Not only it improves the trade flow with outside countries, but it also incentivizes domestic innovation, by promoting risk-taking, problem solving and other skills of that type. Moreover, the fact that their ideas can be taken into account, motivates society in less developed countries to promote ideas, to be more creative and, therefore, to create a more competitive market. In less developed countries, policymaking on IPR isn’t a priority, thus we can see the lack of entrepreneurship within the local economies. By having innovation and promoting technological advances, less developed countries can have a greater chance of entering the international trade system and earn huge benefits by having the intellectual property rights stablished (Ezell, 2019).
Consequently, we can see that due to the interconnected world we live in, less developed countries have a better access to new technology and techniques. For example, the EU is working together with the region through supporting international firms and doing business in order to promote development. Thus, IPR is beneficial for exporters, importers, manufacturers, and delivery companies by creating a more jobs and, therefore, an exponential economic growth. It is known that economic growth leads to a better and faster development of the economy, since people become wealthier and are able to afford a better education, invest, innovate and have a better lifestyle. Leading a less developed country to institutional changes towards an IP, can help many families scape the poverty cycle that they are trapped in due to the inequality levels within the State (IPKEY, 1970)
According to the IPKey (International Cooperation), there are European firms working together with other countries from all over the world.
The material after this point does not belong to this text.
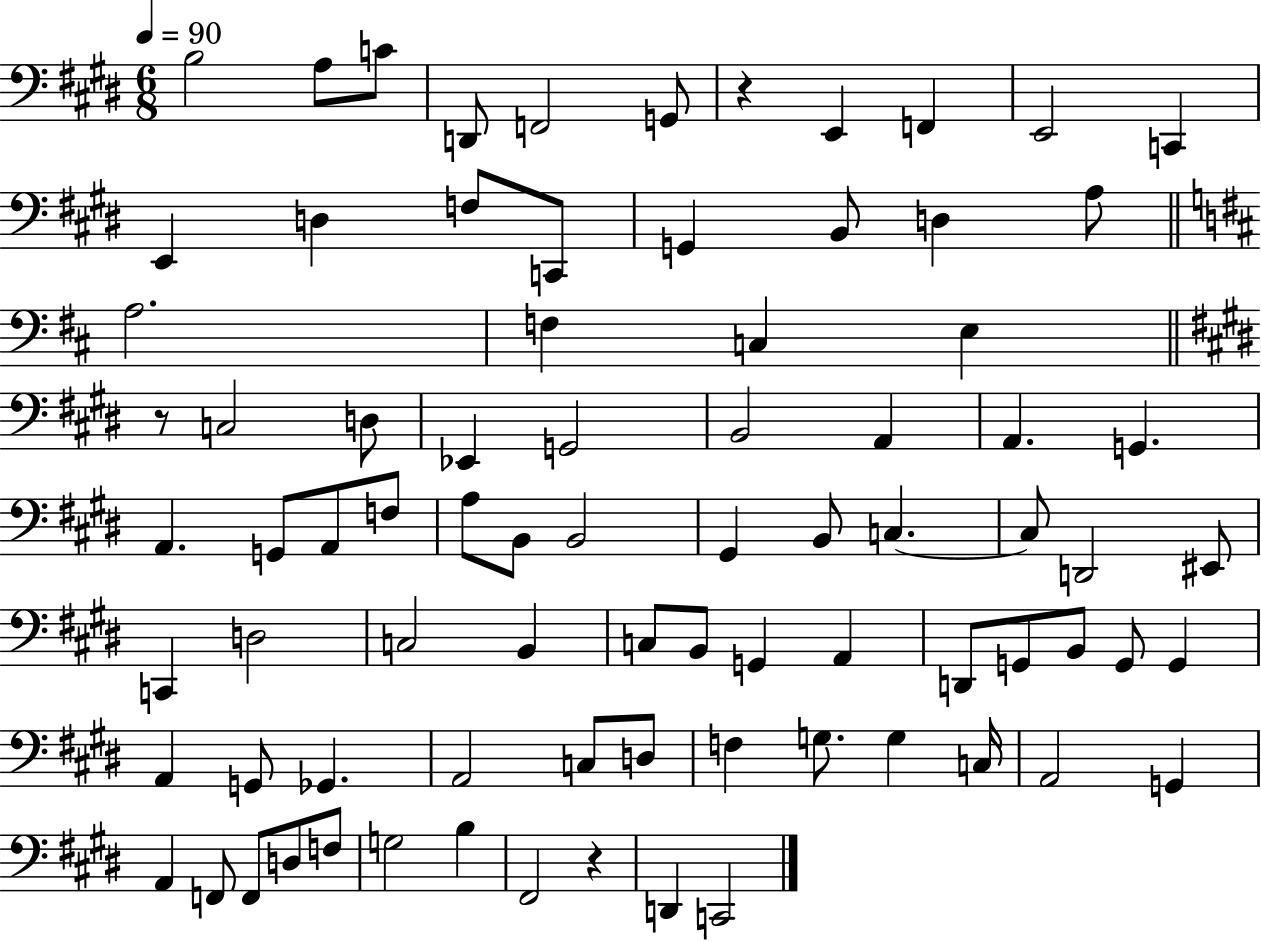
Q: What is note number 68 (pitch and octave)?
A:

It is in the best interest for everyone that we ensure quality rights by protecting our ideas, since IPR is key for every business, regardless of the size of the firm. Also, the European Union has been a pioneer within the protection and promotion of Intellectual Property Rights, by collaborating and cooperating with other countries in the world. By creating digital tools and a network of IPR, the EU has been committed to make equal conditions and guarantee fair trade within all the entities in the network. Intellectual rights are behind the merits of most of the European firms, this is due to how patents push towards a more innovative economy and businesses become more valuable, creating more jobs and a greater GDP every year (IPKEY, 1970)
On the other hand, the EU is also trying to work with China, which isn’t a less developed country anymore, by enforcing transparency and improving the implementation of intellectual property rights and IP enforcement system. Likewise, the EU es willing to facilitate the access to European firms to the Chinese market and raise awareness of the importance of IP in the region. It is very hard to access the Chinese market since they are already one of the most innovative and technological countries in the world and the competition in the region is very high. Similarly, the structure of the market and the power of China’s government isn’t a way of making cooperation and collaboration with European firms easier. It is a major threat for the European companies that China does not respect or enforce the IPR since there are many problems with IP stealing and lack of protection level with new innovative ideas from every European country (IPKEY, 1970)
In conclusion, the European Union is making cooperative efforts with less developed countries to enforce and promote Intellectual rights in order to improve their markets value, innovation and competition. By making an improvement in IP, less developed countries are able to make better trading partners, improve manufacturers quality and increase the quantity of exports and imports. Most of the IP protection is beneficial for these regions since it can create a greater economic growth, job creation and an increase in the GDP. Overall, IP is a powerful tool that must be considered soon in every competitive market. A side from many countries that don’t respect intellectual property, countries and organization have to work together in order to generate regulations and enforce it on every market.